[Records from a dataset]
========================================================================

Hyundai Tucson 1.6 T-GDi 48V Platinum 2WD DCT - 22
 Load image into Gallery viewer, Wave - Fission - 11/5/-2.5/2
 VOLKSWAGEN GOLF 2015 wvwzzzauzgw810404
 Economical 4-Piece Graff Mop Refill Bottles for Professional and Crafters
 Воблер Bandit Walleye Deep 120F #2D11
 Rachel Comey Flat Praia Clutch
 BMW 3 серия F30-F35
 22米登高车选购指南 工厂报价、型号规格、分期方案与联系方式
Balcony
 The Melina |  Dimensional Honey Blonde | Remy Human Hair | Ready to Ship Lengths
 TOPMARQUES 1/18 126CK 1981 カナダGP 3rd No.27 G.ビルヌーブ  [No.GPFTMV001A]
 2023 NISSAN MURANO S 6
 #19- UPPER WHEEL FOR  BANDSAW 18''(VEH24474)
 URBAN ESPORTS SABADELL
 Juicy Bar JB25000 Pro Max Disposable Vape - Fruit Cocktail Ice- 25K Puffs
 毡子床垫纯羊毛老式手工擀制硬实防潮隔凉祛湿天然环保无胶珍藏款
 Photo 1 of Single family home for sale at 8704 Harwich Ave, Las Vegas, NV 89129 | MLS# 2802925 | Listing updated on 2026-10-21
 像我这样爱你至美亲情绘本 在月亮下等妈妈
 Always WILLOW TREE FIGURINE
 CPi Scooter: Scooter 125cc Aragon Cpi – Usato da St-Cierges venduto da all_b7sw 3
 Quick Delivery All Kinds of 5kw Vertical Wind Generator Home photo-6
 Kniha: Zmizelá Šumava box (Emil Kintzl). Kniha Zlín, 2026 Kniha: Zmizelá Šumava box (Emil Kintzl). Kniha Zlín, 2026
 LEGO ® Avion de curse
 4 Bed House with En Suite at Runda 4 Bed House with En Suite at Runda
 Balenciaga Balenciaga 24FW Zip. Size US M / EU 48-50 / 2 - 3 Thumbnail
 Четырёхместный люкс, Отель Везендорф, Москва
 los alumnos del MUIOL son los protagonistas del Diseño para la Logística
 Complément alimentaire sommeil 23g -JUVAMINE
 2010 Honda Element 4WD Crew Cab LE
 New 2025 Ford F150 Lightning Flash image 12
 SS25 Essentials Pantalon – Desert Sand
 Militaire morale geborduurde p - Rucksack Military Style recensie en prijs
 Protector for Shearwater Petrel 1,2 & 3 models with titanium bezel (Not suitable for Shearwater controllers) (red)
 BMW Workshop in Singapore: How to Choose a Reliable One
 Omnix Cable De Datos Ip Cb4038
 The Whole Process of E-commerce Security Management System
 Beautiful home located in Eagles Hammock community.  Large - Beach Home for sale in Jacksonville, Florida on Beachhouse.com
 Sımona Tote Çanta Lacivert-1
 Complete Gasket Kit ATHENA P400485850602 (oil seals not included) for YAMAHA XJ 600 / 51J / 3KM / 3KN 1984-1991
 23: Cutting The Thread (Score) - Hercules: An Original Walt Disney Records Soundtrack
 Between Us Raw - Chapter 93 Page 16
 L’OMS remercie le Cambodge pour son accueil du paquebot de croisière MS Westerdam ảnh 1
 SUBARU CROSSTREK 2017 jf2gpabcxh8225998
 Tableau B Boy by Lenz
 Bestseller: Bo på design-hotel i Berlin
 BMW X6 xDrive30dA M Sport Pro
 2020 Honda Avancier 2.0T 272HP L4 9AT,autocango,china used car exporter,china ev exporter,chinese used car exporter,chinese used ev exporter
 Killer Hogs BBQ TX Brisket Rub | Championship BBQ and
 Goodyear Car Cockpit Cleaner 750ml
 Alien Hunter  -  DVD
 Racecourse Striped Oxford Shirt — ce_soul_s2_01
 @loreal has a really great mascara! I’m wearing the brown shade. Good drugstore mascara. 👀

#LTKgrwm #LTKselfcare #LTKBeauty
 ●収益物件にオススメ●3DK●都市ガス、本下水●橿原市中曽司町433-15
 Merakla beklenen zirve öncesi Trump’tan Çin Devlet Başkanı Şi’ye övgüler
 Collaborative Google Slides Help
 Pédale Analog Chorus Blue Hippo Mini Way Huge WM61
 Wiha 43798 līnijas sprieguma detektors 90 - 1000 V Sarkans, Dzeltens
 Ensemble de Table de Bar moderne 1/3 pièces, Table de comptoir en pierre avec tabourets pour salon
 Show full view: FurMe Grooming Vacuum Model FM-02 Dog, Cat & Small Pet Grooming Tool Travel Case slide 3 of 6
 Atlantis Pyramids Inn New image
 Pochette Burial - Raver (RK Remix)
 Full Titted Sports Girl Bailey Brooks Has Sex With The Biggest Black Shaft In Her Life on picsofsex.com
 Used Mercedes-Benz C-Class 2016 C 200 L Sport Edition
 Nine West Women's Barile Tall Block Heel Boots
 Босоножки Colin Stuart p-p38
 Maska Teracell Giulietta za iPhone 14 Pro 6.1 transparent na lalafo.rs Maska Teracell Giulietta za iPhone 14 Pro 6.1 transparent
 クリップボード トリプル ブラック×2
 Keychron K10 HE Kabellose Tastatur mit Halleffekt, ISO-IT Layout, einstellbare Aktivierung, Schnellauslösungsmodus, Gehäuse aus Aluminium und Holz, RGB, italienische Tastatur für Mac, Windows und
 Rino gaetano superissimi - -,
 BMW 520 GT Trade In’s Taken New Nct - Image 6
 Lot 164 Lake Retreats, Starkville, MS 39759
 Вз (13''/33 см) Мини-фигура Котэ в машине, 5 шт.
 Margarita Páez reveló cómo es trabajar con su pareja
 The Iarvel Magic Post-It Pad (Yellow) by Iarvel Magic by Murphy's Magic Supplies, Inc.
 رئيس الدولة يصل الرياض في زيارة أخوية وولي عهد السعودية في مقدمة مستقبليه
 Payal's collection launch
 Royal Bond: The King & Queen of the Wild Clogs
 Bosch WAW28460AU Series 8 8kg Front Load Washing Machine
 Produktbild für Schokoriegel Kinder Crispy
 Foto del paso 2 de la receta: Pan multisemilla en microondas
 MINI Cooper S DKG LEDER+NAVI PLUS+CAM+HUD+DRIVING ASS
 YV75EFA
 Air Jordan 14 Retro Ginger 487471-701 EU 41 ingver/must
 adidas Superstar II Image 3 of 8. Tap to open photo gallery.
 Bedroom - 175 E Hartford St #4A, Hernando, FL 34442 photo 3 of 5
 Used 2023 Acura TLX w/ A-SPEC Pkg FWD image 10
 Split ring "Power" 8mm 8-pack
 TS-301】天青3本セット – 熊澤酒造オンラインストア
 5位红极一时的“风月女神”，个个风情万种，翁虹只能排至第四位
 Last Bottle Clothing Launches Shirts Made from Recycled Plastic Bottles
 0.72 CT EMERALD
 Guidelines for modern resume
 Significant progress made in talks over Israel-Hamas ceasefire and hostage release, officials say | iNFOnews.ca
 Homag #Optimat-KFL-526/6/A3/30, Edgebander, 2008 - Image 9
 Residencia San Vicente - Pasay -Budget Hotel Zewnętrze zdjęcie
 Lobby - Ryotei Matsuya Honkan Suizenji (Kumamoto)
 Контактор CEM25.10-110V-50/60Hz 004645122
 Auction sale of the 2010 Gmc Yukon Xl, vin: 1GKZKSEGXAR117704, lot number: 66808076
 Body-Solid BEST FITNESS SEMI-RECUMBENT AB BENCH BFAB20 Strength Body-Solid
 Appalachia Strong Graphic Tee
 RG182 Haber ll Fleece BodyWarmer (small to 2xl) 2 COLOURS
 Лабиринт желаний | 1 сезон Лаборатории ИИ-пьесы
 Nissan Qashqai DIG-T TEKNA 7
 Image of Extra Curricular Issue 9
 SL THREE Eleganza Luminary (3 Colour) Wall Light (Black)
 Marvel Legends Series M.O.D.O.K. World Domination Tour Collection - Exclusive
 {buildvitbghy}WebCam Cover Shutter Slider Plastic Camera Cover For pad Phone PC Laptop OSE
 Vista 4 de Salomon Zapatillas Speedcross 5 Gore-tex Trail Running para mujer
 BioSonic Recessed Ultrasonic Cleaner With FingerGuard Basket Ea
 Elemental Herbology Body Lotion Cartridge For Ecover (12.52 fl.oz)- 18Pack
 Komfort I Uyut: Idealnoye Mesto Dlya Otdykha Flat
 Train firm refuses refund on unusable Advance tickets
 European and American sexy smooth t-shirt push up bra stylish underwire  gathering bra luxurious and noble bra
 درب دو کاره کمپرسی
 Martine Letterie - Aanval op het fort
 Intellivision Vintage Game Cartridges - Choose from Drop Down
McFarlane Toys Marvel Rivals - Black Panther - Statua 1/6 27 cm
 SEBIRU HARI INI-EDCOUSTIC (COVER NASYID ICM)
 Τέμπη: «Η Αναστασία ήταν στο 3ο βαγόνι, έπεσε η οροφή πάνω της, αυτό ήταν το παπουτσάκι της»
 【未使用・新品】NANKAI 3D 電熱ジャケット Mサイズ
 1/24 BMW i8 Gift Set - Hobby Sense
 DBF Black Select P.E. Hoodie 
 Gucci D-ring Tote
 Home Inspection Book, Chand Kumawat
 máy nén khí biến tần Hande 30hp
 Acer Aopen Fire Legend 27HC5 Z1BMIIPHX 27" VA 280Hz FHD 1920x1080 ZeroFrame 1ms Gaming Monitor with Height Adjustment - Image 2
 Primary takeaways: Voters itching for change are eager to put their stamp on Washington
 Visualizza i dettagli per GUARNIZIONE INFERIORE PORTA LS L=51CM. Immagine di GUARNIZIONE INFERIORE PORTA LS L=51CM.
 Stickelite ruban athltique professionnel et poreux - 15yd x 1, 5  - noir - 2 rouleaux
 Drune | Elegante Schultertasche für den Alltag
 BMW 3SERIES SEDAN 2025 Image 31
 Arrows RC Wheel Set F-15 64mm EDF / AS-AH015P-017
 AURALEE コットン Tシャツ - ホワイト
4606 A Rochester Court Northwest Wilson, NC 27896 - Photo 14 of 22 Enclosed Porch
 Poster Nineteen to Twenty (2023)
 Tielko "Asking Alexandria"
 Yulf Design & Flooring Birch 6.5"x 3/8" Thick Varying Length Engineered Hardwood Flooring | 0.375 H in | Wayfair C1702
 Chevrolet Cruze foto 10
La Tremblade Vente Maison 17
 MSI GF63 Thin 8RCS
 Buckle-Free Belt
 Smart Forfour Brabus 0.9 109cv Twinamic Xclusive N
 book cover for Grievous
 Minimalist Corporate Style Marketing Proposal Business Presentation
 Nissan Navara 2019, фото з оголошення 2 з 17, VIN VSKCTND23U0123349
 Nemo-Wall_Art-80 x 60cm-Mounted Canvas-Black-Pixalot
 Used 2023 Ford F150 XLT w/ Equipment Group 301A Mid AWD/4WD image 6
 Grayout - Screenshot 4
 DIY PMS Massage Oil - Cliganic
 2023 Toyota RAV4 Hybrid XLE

========================================================================

§ **PROBLEM STATEMENT**
Look through the records above and report how many lines hold the word "Plastic", giving only the number.

§ **OUTPUT FOR THIS EXERCISE**
2